▶ _Task to carry out_: Make an exact copy of the records, and keep the pictures out of it.

▶ _Entries supplied_:
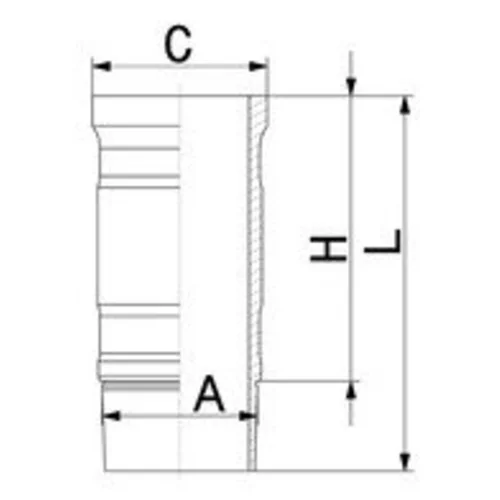 Opravna sada piest/vlozka valca 41517961 /Kolbenschmidt/ - obr. 1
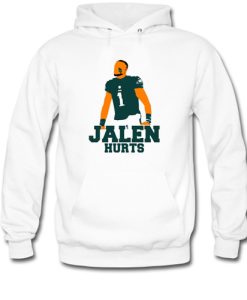 Jalen Hurts It Hurts So Good Philadelphia Football Fan hoodie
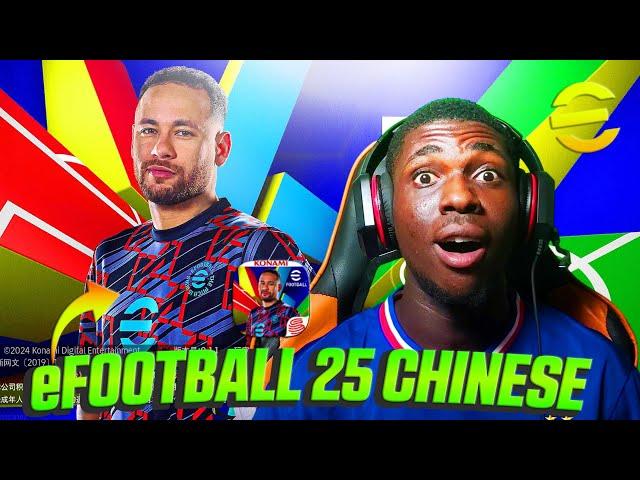 HOW TO DOWNLOAD, INSTALL & LOGIN EFOOTBALL CHINESE FOR ALL COUNTRIES   % FOR ANDROID WORKING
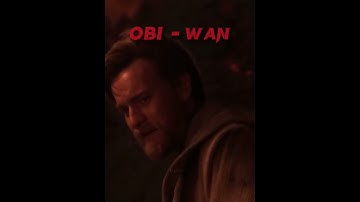 Darth Vader has the high ground!!?#shorts #starwars #obiwankenobi #disneyplus #disney #darthvader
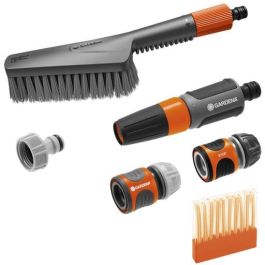 Gardena Cleansystem Grundausstattung S soft - Juego de boquillas Precio: 57.58999961. SKU: B1F6DHAGTY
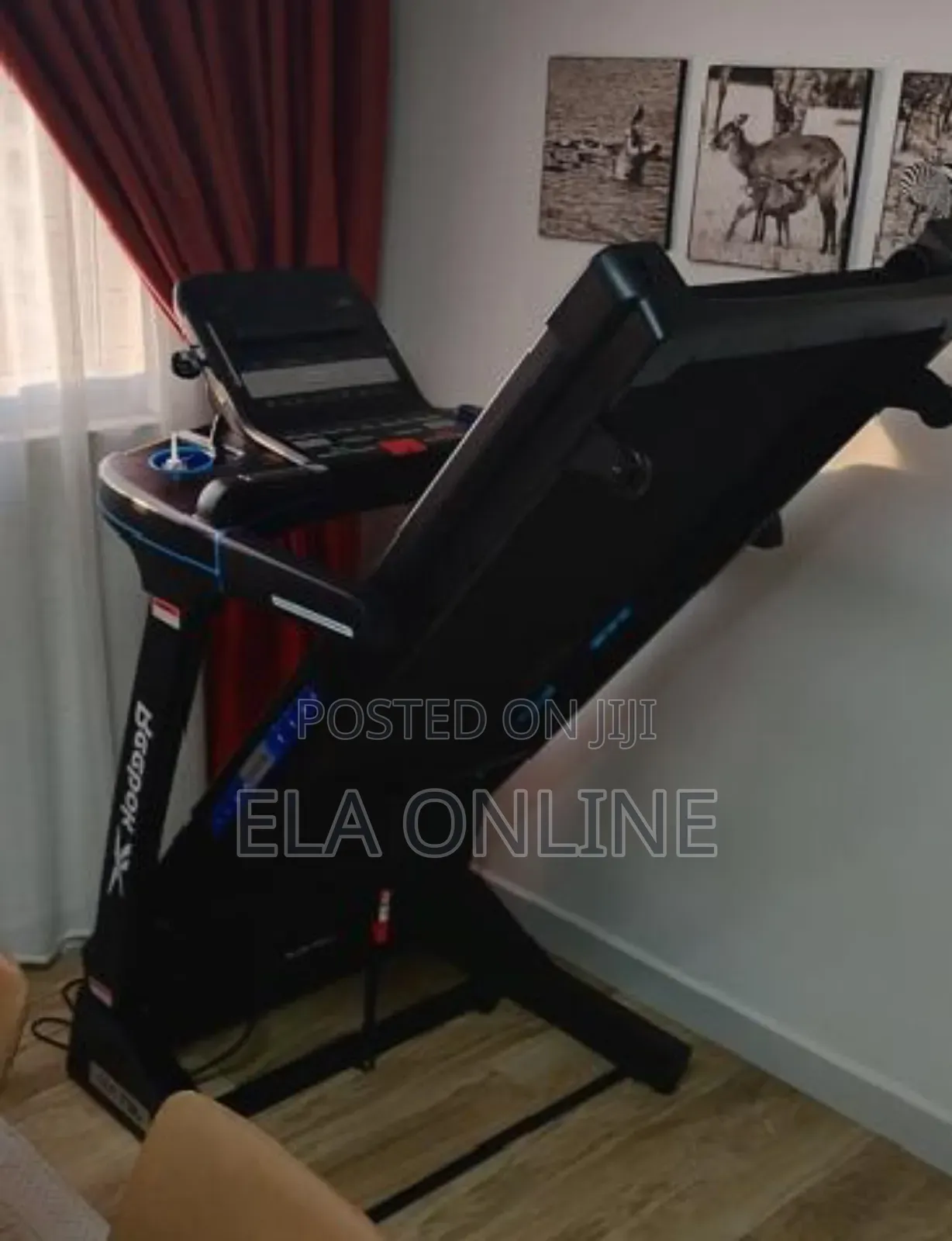 የስፖርት Reebok J200 Model Treadmill With Big Discount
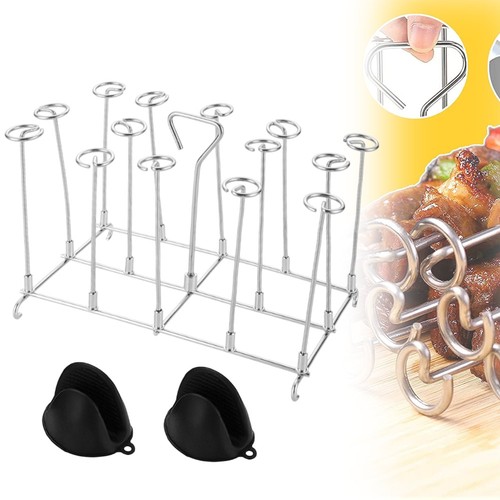 Kebab rack for ninja - kebab,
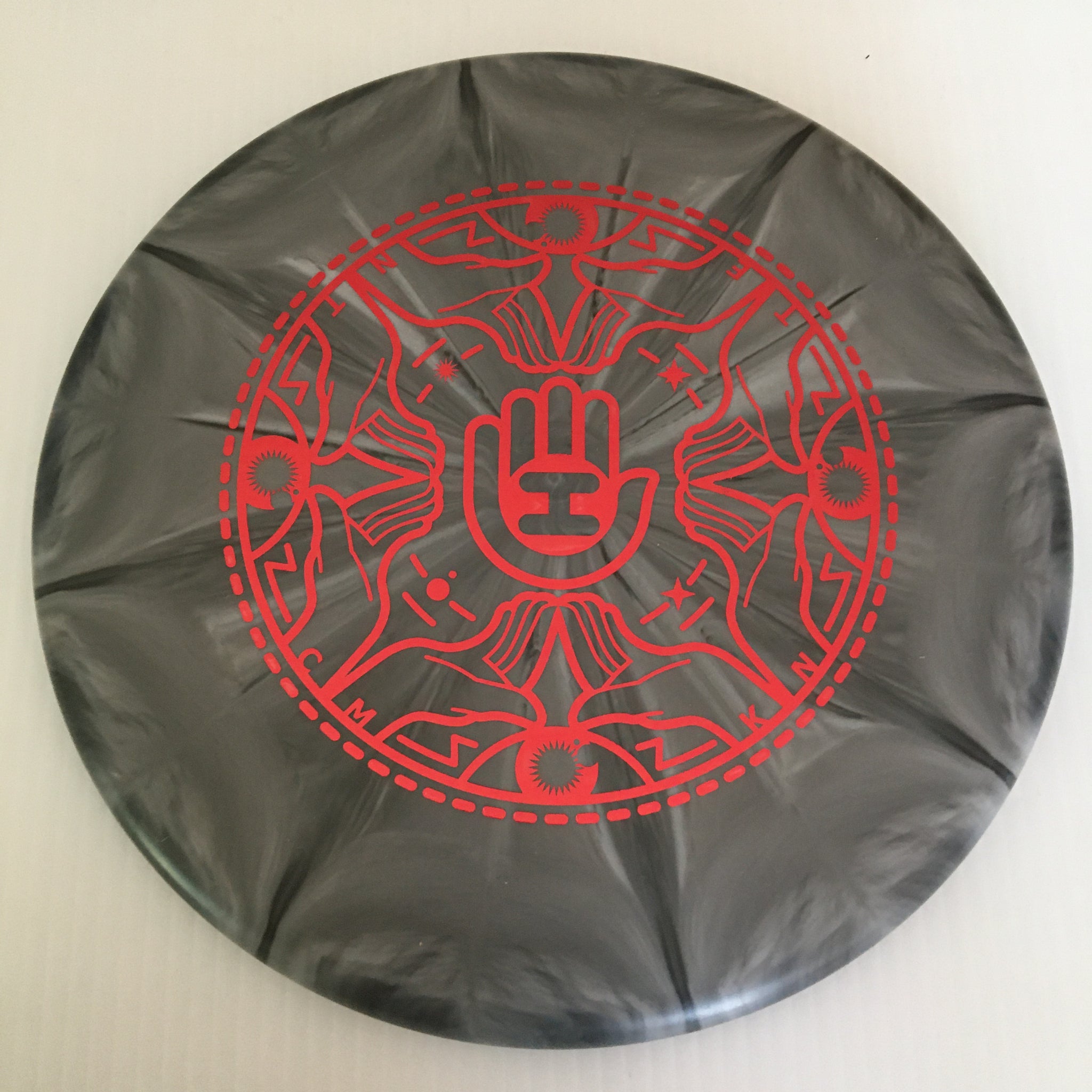 Dynamic Discs Fabric of Time Prime Burst EMAC Judge 2/4/0/1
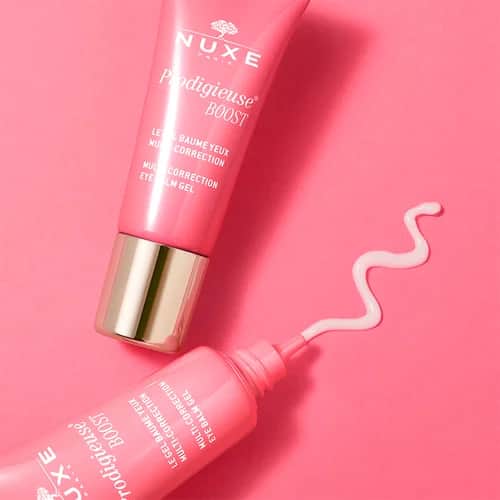 Nuxe Creme Prodigieuse Boost Multi Correction Eye Balm Gel 15 ml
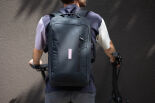 Brompton Electric Backpack Medium Black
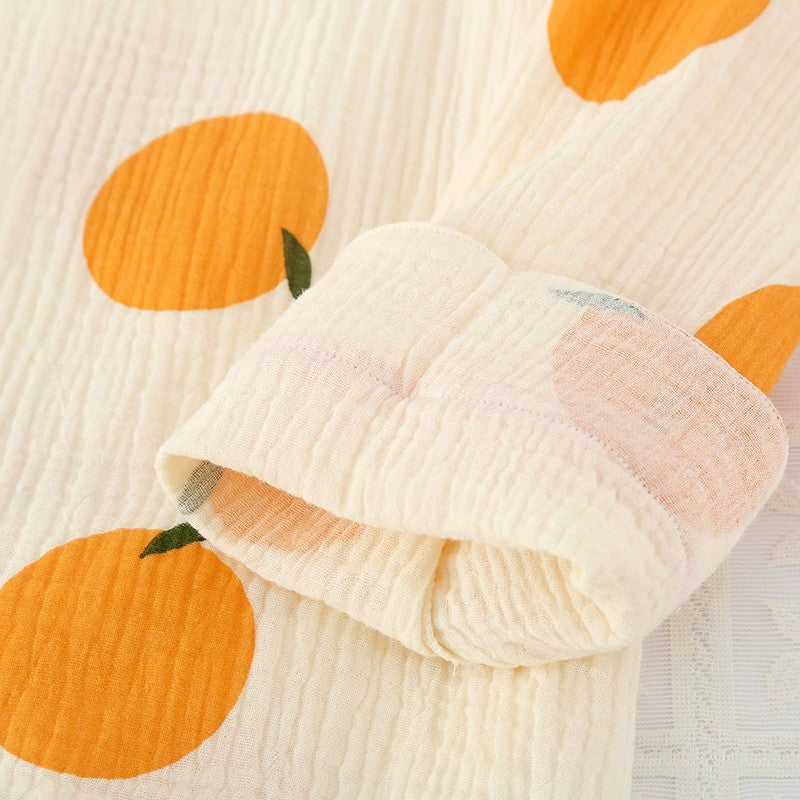 Still-Pyjama aus Baumwolle – Komfort & Stil für stillende Mütter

▶ _Your response_:
 Opravna sada piest/vlozka valca 41517961 /Kolbenschmidt/ - obr. 1
 Jalen Hurts It Hurts So Good Philadelphia Football Fan hoodie
 HOW TO DOWNLOAD, INSTALL & LOGIN EFOOTBALL CHINESE FOR ALL COUNTRIES   % FOR ANDROID WORKING
 Darth Vader has the high ground!!?#shorts #starwars #obiwankenobi #disneyplus #disney #darthvader
 Gardena Cleansystem Grundausstattung S soft - Juego de boquillas Precio: 57.58999961. SKU: B1F6DHAGTY
 የስፖርት Reebok J200 Model Treadmill With Big Discount
 Kebab rack for ninja - kebab,
 Dynamic Discs Fabric of Time Prime Burst EMAC Judge 2/4/0/1
 Nuxe Creme Prodigieuse Boost Multi Correction Eye Balm Gel 15 ml
 Brompton Electric Backpack Medium Black
 Still-Pyjama aus Baumwolle – Komfort & Stil für stillende Mütter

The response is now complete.